Speaking with Speedcafe on a recent episode of the KTM Summer Grill, Collins suggested the development race went up a notch last season.
“It’s been a year where the development race has been more cutthroat than it has been in other years,” she observed.
“We see McLaren at the start of the year, really poor performance compared to what I certainly expected from them in the opening races, and there was really aggressive upgrades, really bringing the car forward, which is, at the end of the year, it’s pretty much always on the podium.
“Then, the opposite appearing to be true of, like, Aston Martin, where they started the year so strongly and then it appeared that the upgrades weren’t working and through the middle of the year had this massive slump.
“So the development race in these regs seems to be really tight, and it seems to be really close between teams getting the car right, and in the right working window, or the car totally not working at all.”
That was a key story throughout the 2023 campaign, with some teams proving more consistent than others, but none, aside from Red Bull, was a safe bet.

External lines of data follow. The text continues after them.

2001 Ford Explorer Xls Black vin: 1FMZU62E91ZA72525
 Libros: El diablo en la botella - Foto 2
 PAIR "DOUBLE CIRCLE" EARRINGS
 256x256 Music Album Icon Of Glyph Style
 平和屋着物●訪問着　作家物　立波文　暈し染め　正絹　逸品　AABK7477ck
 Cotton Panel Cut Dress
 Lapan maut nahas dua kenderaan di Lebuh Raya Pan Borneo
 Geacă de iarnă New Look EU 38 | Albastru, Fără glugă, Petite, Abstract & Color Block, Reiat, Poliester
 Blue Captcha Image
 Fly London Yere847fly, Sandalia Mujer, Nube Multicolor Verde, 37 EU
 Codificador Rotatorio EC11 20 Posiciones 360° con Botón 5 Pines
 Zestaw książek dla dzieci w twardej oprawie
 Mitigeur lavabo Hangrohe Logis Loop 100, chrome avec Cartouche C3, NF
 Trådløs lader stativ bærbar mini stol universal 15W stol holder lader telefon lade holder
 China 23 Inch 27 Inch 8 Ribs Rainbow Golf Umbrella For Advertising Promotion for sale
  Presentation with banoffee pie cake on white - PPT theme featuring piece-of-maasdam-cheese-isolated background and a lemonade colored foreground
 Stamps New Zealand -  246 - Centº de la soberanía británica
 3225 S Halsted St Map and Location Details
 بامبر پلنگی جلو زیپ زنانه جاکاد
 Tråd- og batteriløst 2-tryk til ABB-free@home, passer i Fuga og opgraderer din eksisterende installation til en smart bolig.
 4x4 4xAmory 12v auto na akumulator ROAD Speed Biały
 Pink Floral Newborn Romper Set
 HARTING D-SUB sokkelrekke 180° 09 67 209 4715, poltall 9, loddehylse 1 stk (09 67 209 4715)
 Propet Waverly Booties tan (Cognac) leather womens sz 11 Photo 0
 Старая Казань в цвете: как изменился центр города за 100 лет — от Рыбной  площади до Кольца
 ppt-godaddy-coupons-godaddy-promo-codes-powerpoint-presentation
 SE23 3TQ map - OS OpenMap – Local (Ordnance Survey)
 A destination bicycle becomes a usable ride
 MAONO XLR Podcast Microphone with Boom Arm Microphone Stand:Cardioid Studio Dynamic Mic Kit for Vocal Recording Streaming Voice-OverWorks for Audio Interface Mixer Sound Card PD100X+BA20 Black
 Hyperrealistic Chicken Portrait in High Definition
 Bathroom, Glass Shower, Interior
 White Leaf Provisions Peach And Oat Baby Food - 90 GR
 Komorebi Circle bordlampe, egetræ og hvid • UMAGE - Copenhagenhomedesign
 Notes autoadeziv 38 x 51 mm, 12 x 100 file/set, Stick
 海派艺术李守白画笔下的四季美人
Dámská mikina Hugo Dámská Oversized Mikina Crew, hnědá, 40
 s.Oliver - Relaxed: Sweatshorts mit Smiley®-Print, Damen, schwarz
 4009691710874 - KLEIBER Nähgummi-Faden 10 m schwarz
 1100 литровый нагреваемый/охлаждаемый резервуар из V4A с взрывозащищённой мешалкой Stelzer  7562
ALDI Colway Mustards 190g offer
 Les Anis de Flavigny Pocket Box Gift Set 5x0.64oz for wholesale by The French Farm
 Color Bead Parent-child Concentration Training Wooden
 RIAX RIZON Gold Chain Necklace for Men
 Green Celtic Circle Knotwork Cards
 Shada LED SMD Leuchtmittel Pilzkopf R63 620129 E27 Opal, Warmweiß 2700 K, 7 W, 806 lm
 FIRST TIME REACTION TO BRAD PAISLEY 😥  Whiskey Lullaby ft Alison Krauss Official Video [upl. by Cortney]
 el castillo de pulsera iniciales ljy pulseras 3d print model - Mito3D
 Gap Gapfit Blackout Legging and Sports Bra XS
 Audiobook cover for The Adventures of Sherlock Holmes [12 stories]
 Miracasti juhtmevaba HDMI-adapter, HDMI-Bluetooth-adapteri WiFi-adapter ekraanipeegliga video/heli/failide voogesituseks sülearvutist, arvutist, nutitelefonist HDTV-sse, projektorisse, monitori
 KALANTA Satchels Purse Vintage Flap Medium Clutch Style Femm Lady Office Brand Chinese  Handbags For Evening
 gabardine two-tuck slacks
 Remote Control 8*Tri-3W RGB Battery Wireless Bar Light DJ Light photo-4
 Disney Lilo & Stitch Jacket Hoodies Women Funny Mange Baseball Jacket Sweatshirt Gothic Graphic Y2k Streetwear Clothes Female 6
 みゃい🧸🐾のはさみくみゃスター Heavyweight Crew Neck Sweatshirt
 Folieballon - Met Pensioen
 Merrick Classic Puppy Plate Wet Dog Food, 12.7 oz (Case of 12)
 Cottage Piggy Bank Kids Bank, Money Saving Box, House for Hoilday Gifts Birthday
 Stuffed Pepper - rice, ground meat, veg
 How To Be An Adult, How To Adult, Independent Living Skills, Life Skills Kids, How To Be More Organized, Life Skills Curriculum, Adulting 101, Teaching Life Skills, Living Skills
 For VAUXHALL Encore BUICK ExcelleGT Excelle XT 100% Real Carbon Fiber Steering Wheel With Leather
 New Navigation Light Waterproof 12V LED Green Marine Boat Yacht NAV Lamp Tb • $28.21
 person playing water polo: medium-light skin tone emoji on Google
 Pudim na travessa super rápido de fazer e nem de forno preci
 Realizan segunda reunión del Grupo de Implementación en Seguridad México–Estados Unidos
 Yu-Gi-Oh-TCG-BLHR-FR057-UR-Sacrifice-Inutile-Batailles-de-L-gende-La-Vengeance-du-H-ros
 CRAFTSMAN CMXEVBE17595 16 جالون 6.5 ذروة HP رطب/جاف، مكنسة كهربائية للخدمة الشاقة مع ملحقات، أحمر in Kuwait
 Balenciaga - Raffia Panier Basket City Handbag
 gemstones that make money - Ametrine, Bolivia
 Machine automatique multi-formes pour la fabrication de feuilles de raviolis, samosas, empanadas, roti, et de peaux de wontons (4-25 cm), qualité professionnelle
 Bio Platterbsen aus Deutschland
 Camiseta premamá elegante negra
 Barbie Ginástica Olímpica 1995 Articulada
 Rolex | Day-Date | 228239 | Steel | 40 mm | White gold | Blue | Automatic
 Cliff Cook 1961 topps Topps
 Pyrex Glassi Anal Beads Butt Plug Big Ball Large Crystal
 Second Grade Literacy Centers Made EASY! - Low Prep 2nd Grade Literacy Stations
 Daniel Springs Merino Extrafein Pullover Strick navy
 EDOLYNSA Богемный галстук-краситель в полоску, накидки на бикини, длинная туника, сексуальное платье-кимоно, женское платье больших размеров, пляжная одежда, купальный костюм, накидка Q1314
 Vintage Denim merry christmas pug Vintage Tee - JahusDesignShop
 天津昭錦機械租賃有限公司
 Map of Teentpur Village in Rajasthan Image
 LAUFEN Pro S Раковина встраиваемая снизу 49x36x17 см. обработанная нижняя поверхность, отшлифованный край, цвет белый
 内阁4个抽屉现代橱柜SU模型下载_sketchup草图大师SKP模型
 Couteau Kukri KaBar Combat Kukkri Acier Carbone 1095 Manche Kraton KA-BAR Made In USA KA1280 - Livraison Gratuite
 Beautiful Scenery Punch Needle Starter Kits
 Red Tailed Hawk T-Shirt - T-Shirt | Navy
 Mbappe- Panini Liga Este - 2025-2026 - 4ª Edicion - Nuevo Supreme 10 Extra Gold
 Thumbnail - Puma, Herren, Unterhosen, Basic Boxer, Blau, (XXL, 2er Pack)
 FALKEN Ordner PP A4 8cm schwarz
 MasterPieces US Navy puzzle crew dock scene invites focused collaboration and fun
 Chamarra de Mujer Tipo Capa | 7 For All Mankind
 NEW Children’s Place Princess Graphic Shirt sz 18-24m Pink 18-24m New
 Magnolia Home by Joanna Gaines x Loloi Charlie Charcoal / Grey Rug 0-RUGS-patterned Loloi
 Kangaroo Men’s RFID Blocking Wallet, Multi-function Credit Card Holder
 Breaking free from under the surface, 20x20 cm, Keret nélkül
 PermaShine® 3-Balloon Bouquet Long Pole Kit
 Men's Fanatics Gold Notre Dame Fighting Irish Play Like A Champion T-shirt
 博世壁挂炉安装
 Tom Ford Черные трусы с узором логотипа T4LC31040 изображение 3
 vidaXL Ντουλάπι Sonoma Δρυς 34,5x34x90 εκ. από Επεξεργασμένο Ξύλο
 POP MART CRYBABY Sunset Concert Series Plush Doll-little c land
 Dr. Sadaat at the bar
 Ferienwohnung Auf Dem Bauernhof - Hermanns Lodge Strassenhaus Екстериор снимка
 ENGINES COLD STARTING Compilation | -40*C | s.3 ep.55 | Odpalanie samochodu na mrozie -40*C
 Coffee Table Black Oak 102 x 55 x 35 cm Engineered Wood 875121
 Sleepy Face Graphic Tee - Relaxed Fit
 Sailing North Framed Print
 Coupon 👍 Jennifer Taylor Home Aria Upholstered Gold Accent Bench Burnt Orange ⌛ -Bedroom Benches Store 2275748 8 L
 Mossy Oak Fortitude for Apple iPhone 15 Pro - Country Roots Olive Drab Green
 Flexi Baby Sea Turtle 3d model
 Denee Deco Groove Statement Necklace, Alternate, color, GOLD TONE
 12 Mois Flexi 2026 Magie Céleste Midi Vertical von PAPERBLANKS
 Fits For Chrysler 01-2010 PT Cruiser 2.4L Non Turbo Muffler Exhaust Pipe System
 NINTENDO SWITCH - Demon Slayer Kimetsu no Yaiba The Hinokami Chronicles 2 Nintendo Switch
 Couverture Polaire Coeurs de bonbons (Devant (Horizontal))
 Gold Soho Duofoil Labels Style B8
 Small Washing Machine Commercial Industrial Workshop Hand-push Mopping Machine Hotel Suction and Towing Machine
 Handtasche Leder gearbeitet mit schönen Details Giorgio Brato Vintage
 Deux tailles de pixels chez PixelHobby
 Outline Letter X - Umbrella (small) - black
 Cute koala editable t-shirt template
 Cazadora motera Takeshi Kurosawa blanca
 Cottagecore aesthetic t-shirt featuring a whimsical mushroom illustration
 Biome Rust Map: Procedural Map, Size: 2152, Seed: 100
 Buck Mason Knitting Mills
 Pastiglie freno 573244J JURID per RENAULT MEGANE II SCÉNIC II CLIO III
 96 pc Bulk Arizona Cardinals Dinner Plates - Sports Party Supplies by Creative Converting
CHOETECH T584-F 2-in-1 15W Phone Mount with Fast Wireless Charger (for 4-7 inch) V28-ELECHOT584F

Aston Martin, Ferrari, Mercedes, and McLaren can all claim to have been the second-best car at some point during the year, while Alpine too, showed well on occasion.
It was a year dominated by a degree of uncertainty in the midfield, which had by the end of the year closed up significantly.
“When you look further back, so from P2 to P5, P6, those teams have had one race [where] one’s quicker, one race another’s quicker.
“It’s been that midfield, or not even midfield but like front of the battle – excluding Red Bull and Max [Verstappen] – has been really right the entire year.
“Right until the end, we didn’t know who’s in second in the constructors’.
“If we that that forward into next year, that’s going not lead to a really good year because those battles behind have been really tight, much rither than we’ve seen in previous years.
“The longer that we keep with this, these regulations over the next two or three years it’s going to continue, I think.”
That, Collins argues, is a result of F1 teams having an imperfect understanding of their car and development, leading to very public gains and losses.
“The number of teams coming out and saying they don’t even understand why it’s not working is a bit like, from an engineering point of view, a bit shocking,” she admitted.
That prompted some to change direction mid-season, while others, such as Mercedes, had flaws that were more deeply baked into their 2023 designs.
As a result, there’s real potential for another reset for 2024 as teams who make significant changes risk falling backwards in their quest to leap ahead.
“Are they going to get it right?” asked Collins and Mercedes’ plight.
“So far, they’ve had two goes at this sort of regulation that we have now, this really high performance [at] lower [ride heights] and they’ve not got it right.
“How’s that going to look at Race 1 next year?
“And as other people develop over the winter, again, are they going to be in the right or wrong direction?
“So from now until February, you don’t have a read on whether what you’re doing is correct or incorrect,” she added.
“Race 1 is always exciting to see who’s ahead, who’s behind. And we don’t know.”